Freddy Mercury disse uma vez que não seria um astro do Rock mas sim uma lenda – Rueffa que o diga! Passadas mais de duas décadas, a artista reflete a emoção, a homenagem e a criatividade nas suas obras de arte representando as diversas figuras emblemáticas que percorrem a história até aos dias de hoje.

A necessidade de passar uma mensagem ao mundo foi uma coisa que a artista, desde cedo, não conseguia esconder. Sempre sentiu que era necessário “saltar muros” e, como tal, as barreiras que a sociedade construía, para si, eram apenas blocos invisíveis por derrubar. Depois de se ligar definitivamente às artes, deixa a sua vida dedicada aos números e abraça a Arte. Formada em História da Arte defende as cores e a relevância da Pop Art.

Expondo em diversas partes do mundo, já intervencionou auto-retratos icónicos de Andy Warhol e retratou Salvador Dali em esferovite, assim como, já pintou António Variações à imagem de Luís de Camões, Frida Khalo e evoluiu a imagem de Beethoven com fibra de vidro e circuitos eletrónicos. Quanto a Basquiat, a luva de boxe gigante com a efígie de um artista que marcou a história da arte, retrata a autodidacidade da artista em carne e osso.

Com 33 anos, Rueffa foi embaixadora da exposição Roy Lichtenstein e a Pop Art,  que decorreu no âmbito do evento Portugal Pop (co-organizado com a VISÃO). 

Numa ótica que vai além do que é visível Rueffa faz Arte além de categorizações históricas. Considerando ser a forma de se exprimir, “Crio um vocabulário pessoal que se pode enquadrar nessa estética com que me sinto identificada, confortável e com a qual me emociono. Os meus trabalhos são sempre autobiográficos”, afirma.

Com o objetivo de que o seu trabalho seja acessível a todos, a sua arte não se resume apenas à POPArt. Quando começou a trabalhar, retratava caras de pessoas que lhe transmitissem “há luz”, ou seja, sendo uma pessoa bastante sensível e emotiva sentiu a necessidade de explorar algo mais seu para as pessoas, “Esta coisa da cultura POP é uma coisa muito perigosa, por isso é que eu faço questão de quando digo POP OU NEOPOP, de especificar o meu trabalho na sua génese. O POP tem as suas premissas. Podes abordar as peças pela cor ou pelo discurso que utilizas, ainda assim, não há aqui nada que especifique o mesmo. Aliás, a única coisa que acaba por se assemelhar no meu trabalho é uma abordagem técnica e estética.”, explica a artista.

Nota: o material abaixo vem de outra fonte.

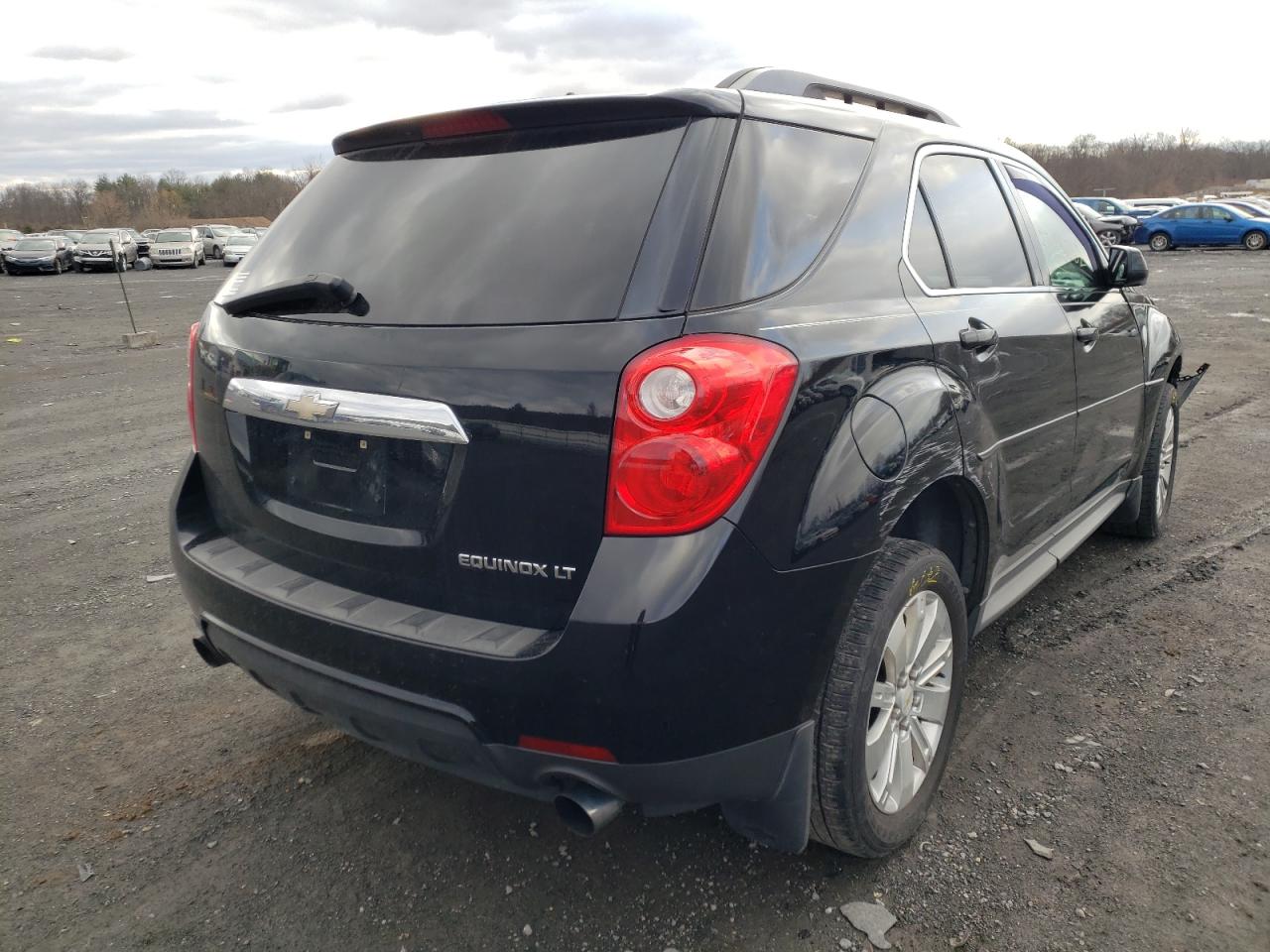 Photo 4 from auction – 2010 CHEVROLET EQUINOX LT with VIN 2CNFLDEY6A6272466
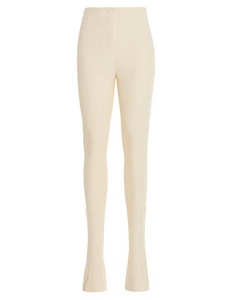 Jacquemus-Obiou Slit Detail Pant Size-42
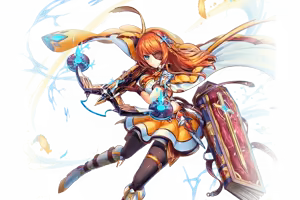 Page 740 of Kamihime Project R Character Art Part 1 - preview thumbnail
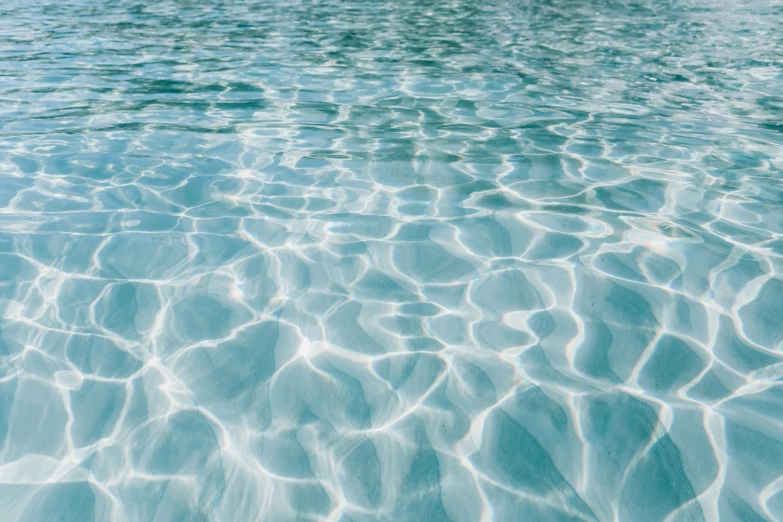 an island and some water that is very clear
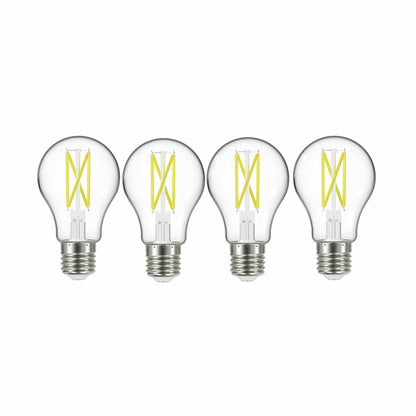 6 pack - Satco S12437 10.5W A19 LED Light Bulb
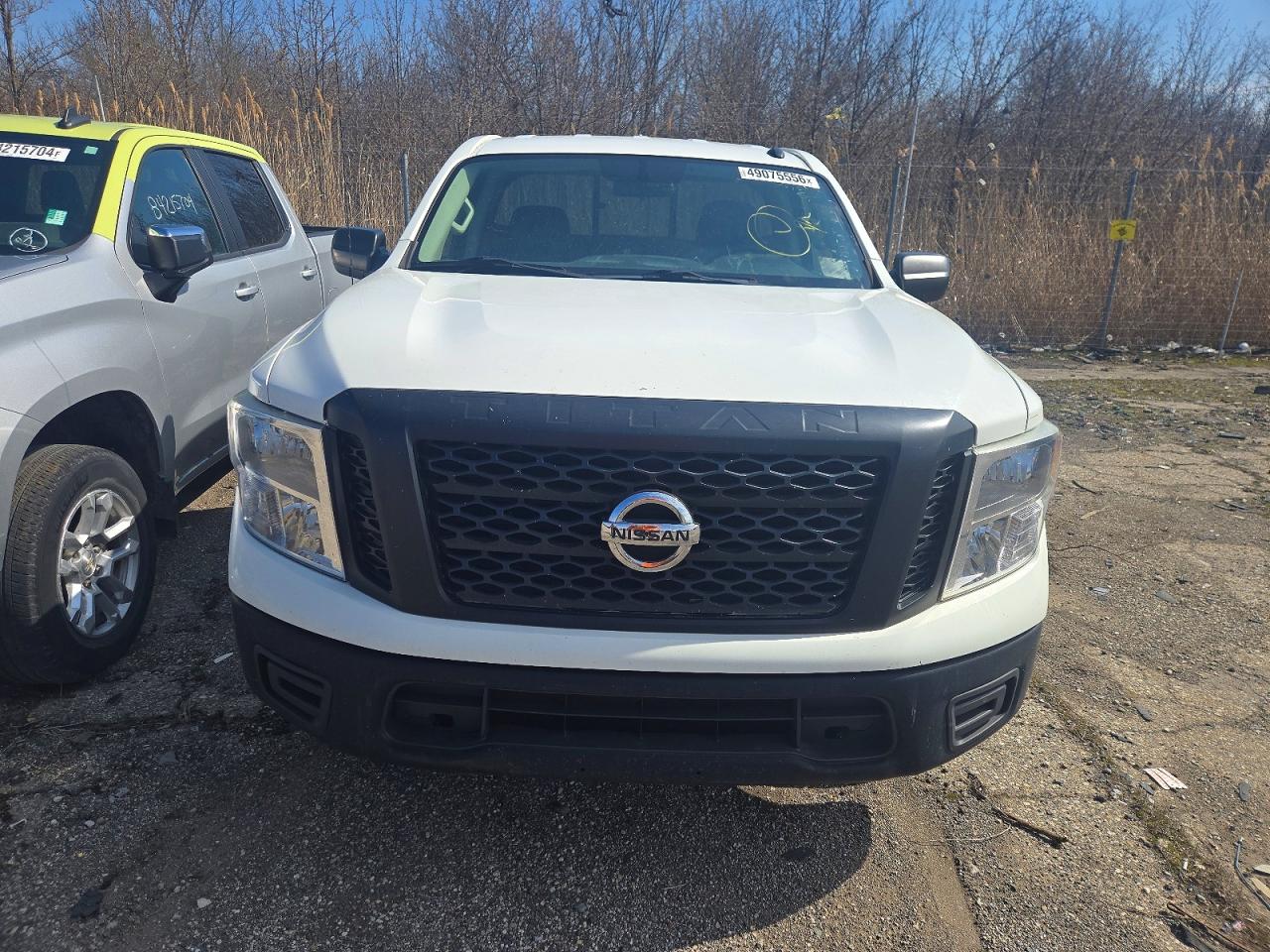 2019 Nissan TITAN VIN 1N6AA1R70KN521908 photo 5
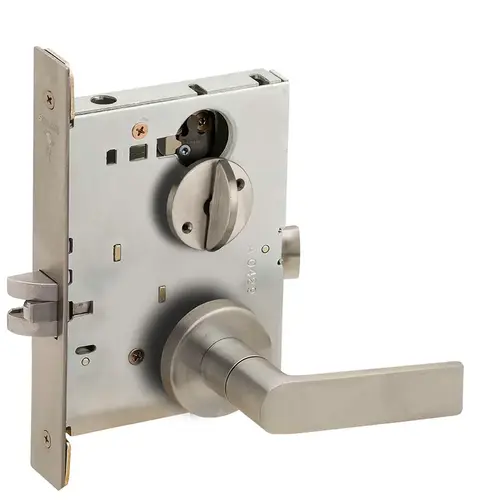 Mortise Lock Satin Stainless Steel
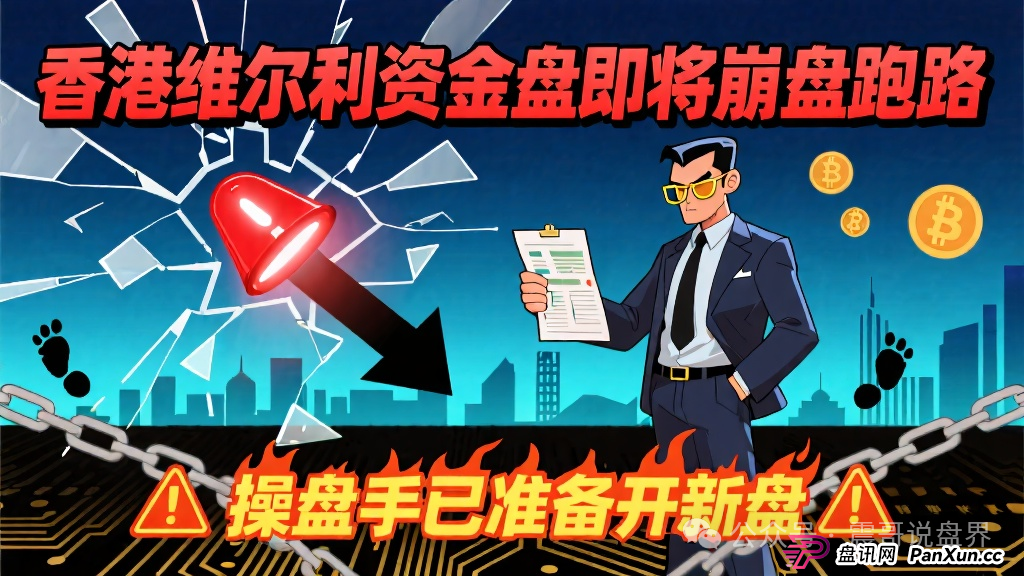 香港维尔利资金盘即将崩盘跑路,操盘手已经准备开新盘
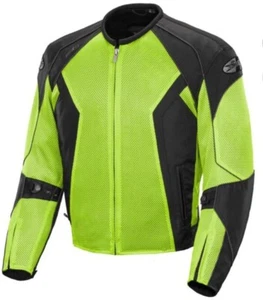 Chaqueta de calle Joe Rocket Phoenix Ion Hi Viz malla motocicleta talla mediana - Imagen 1 de 23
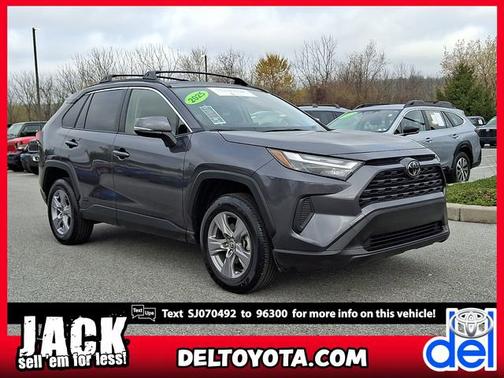 2025 Toyota RAV4 Hybrid XLE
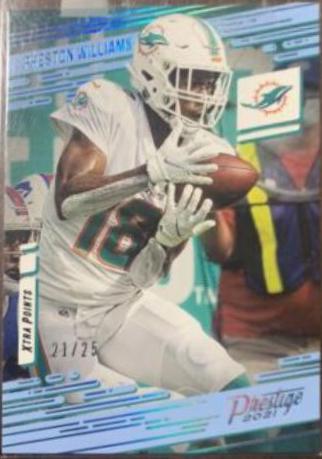 Preston Williams [Xtra Points Blue] #64
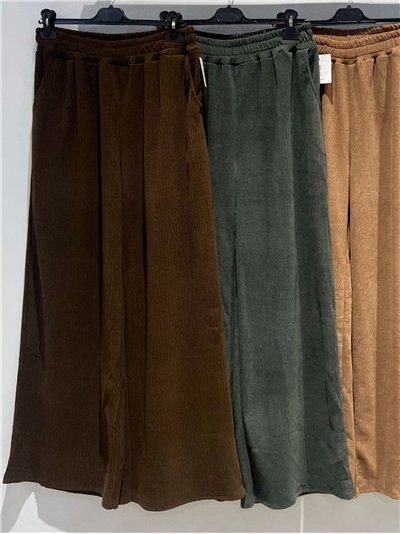 Pantalón ancho de pana 2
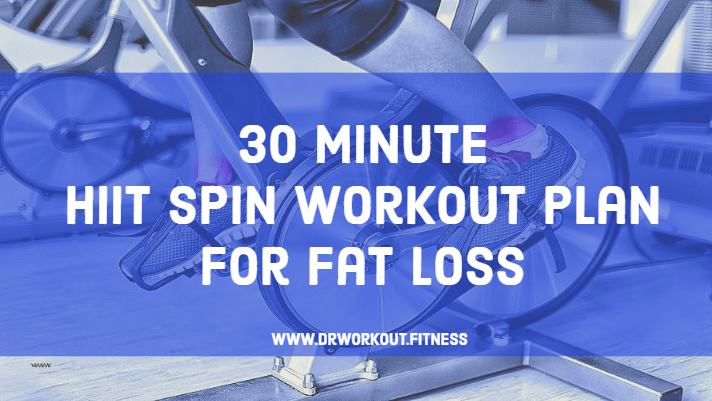 high intensity spin workout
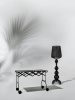  Battista Metallized Cart Cream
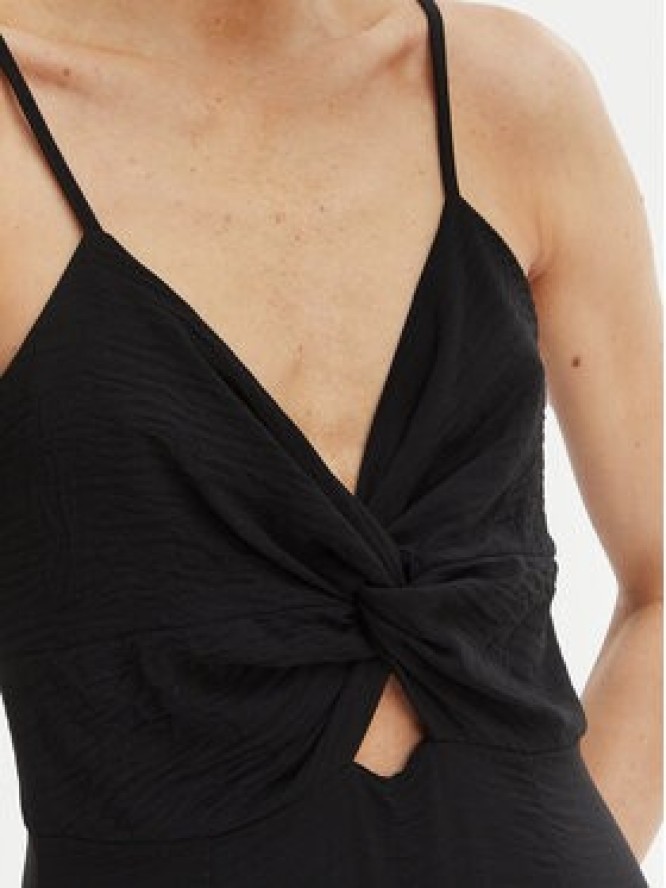 Morgan Sukienka letnia 251-RCOCO.F Czarny Regular Fit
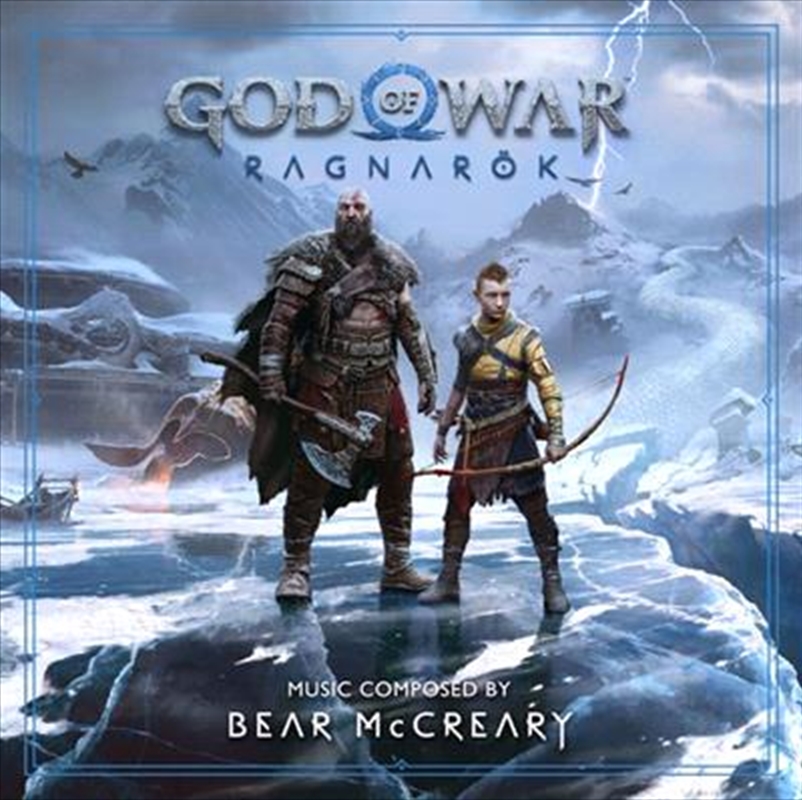God Of War Ragnarok/Product Detail/Soundtrack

Olhar para as coisas sem uma concepção pré-concebida é o objetivo que habita em todos os seus trabalhos. Dialoga e cria com um vocabulário que reside em materiais como: poliestireno, resinas polyester e fibra de vidro. Com uma identidade inigualável e uma bagagem que vai além da tela e do pincel.

Assumindo-se como uma pessoa muito introvertida, entrega-se de corpo e alma em cada trabalho que produz, “quando eu faço um determinado trabalho, eu entrego praticamente tudo o que é meu, o meu íntimo a minha índole que está toda aqui, em cada pedacinho de cor” revela.

A artista, além de Portugal, já expôs em Londres na galeria ‘Hoxton Gallery’ e em Nova Iorque na Galeria ‘Krause’.

Uma romancista que passa por épocas artísticas como o Renascimento, o Barroco e percorre toda uma bagagem até chegar ao NEOPOP, Rueffa reune em si uma “plurialidade difícil de encontrar, mas muito sua. Muito nossa”. Foi assim que Ana Silva, jovem designer, descreveu o trabalho da artista.